Maleme airfield 2019

It is an overcast late afternoon at Maleme airfield in Crete. The place is packed with local Greeks. They are here for the annual service to remember the Battle of Crete. Included is a re-enactment of the day in 1941 when the Germans opened their airborne invasion. But the few dozen parachutists now floating down over the airfield bear little resemblance to what actually happened on that fateful day. 

The records tell of a beautiful spring Mediterranean morning. However the sunny blue sky was soon darkened. Not with cloud. But with hundreds of German aircraft dropping thousands of paratroopers. The sky was literally full of the invading enemy. Nothing on this scale had ever been seen before.

The New Zealand division had been tasked with defending this part of the island. But they were ill-prepared. In the months prior they had been driven out of mainland Greece by the Nazi blitzkrieg and evacuated to the island of Crete. They had left behind or lost much valuable equipment. They had little air-cover and had been constantly strafed by German aircraft for weeks. And now they awoke to this.
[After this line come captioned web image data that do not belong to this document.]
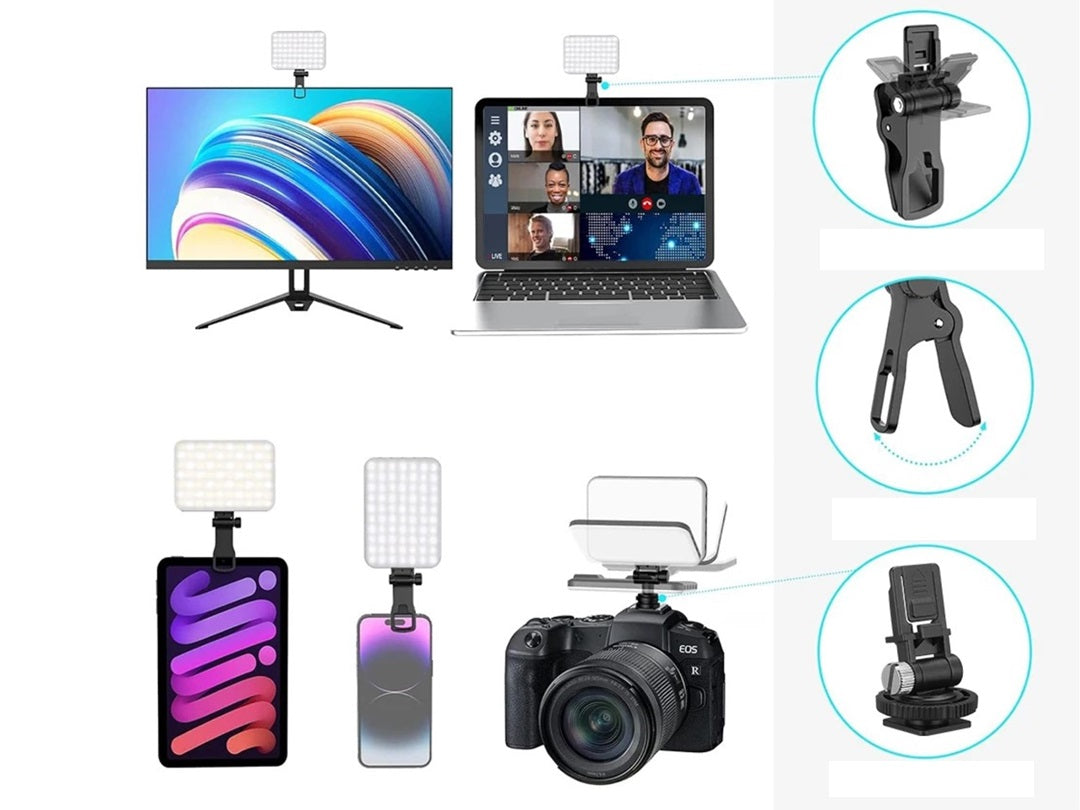 LEDポータブルライト スマホ 自撮りライト クリップライト 写真 カメラ 撮影用 リモートにも 3色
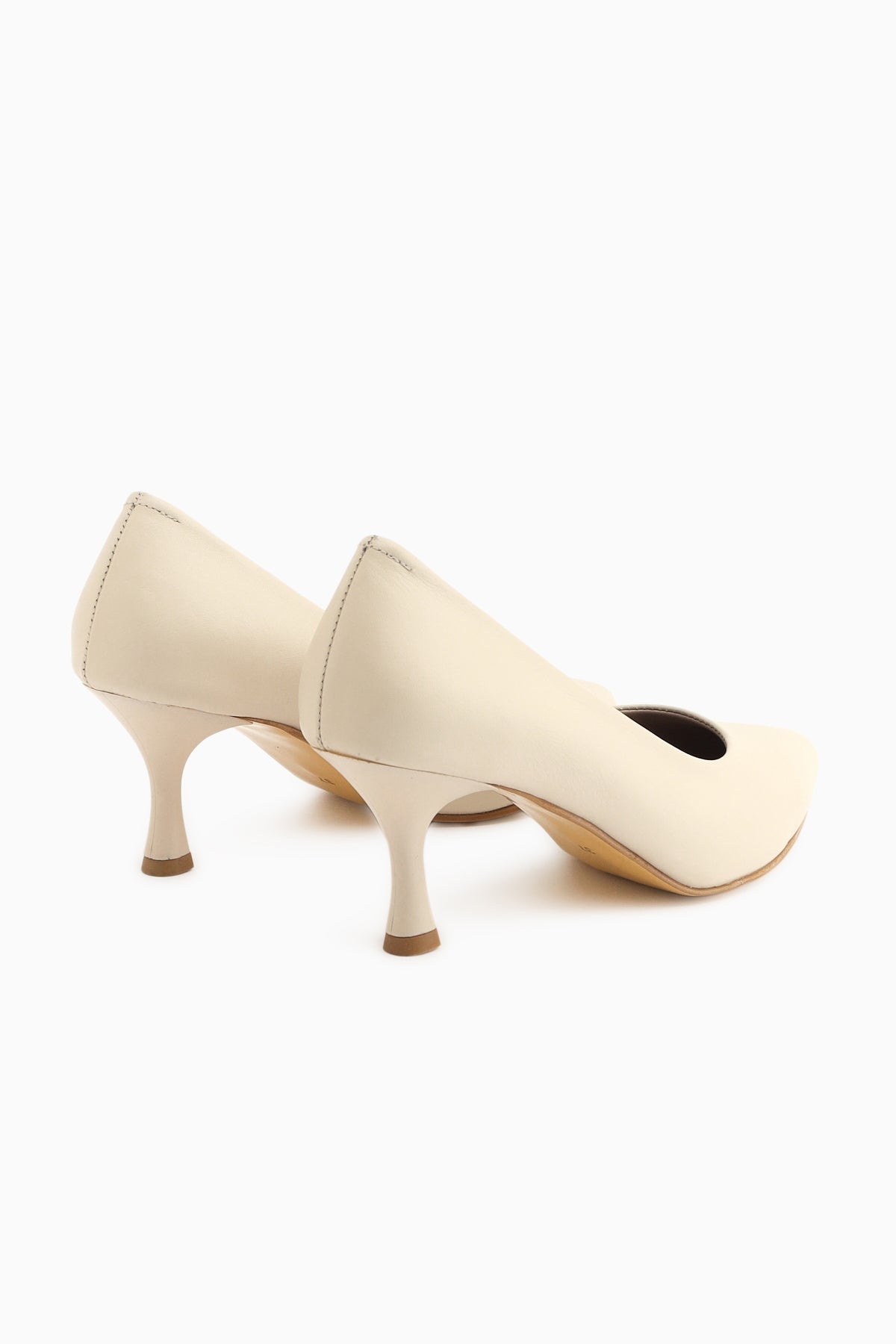 Kiara Genuine Leather Beige Women’s Heeled Shoes Stiletto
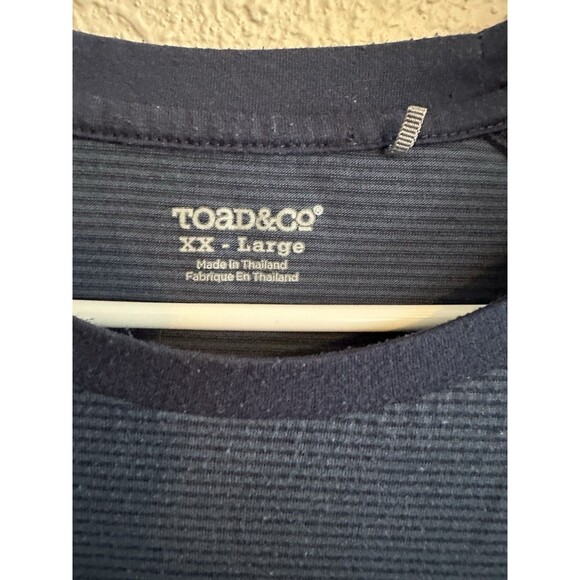 Toad & Co Toad Co Organic Cotton Short Sleeve Crew Tee Men XXL Blue Striped Soft - Picture 2 of 5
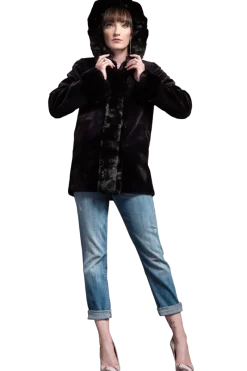 Outlet Hooded Reversible Sheared Mink and Chinchilla Fur Jacket Women Mink|Fur Jackets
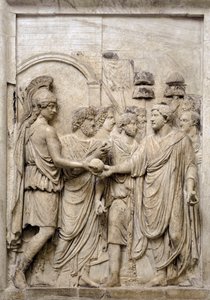Entrada solemne del Emperador Adriano en Roma, siglo II de Roman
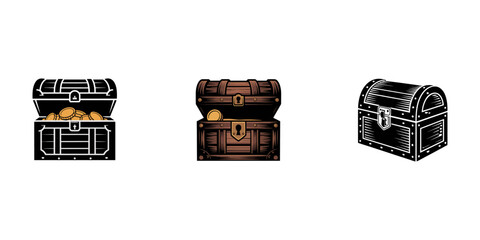 Old and new chests in the set, Collection of chest box or trunk box logo icon vector, plunder box or coffer vintage box, Wooden chests set of silhouettes. Chests with metal edging simple icons.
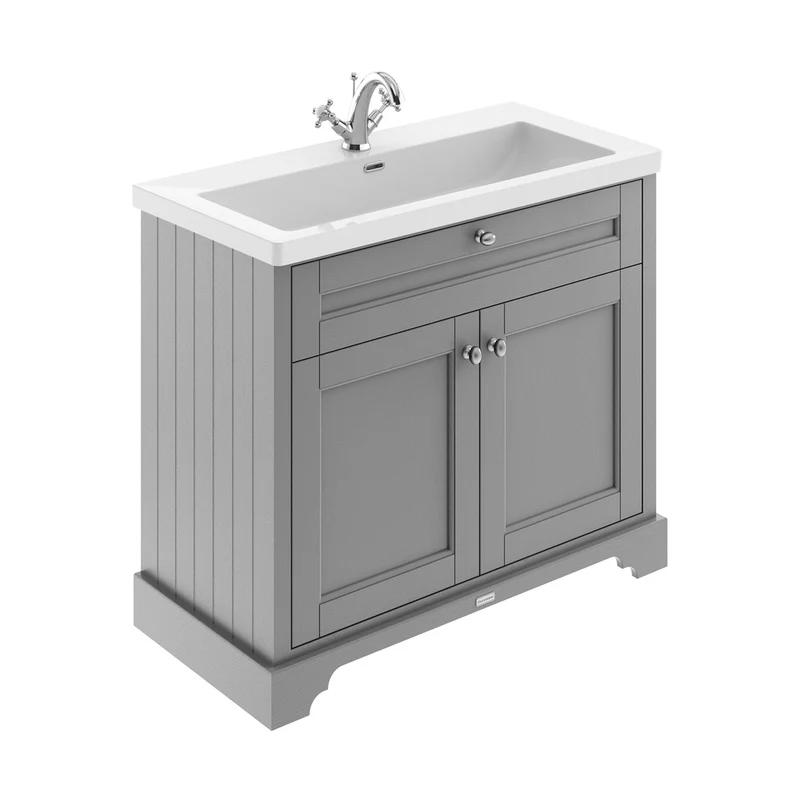 Hudson Reed Old London 1000mm 2-door Unit & Contemp Fireclay Basin 1th Trad Storm Grey Fireclay,MDF Vinyl Textured Woodgrain 855x1030x462mm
It was a mesmerising sight. But in a moment the Battle of Crete was upon them. It was a battle in which they fought ferociously. In the first hours and days the Germans were easy targets as they floated to earth, or struggled out of landed parachutes or crashed gliders. Their forces were decimated. Indeed such were their losses that Hitler never again ventured a major airborne assault. But eventually they took the strategic Maleme airfield and were able to fly in reinforcements directly. From that moment the battle for the New Zealanders was lost. They fought valiant rear-guard actions in the Cretan villages and olive groves (Galatas and Forty Second St) but were again evacuated from Greek soil some weeks later.

The Battle of Crete may have been lost – but the Greeks haven’t forgotten.

As the crowd disperses from the airfield my wife and I notice a stooped elderly woman. She is carrying a small New Zealand flag. It is a welcome sight in a far off land and so we make our way over. “We like your flag.” Suddenly she is animated – “I love New Zealand! I love New Zealand!” And in moment we are transported with her back seventy-eight years. In a mix of Greek and broken English she tells us her story of how as a little girl she also awoke to the shadow of war that morning. Looking up and waving her arms at the sky she exclaims – “Poly aeroplano! Poly aeroplano!” Many aeroplanes! The sight is clearly burned into her memory. As is her gratitude for those came from so far away to fight for her and her people.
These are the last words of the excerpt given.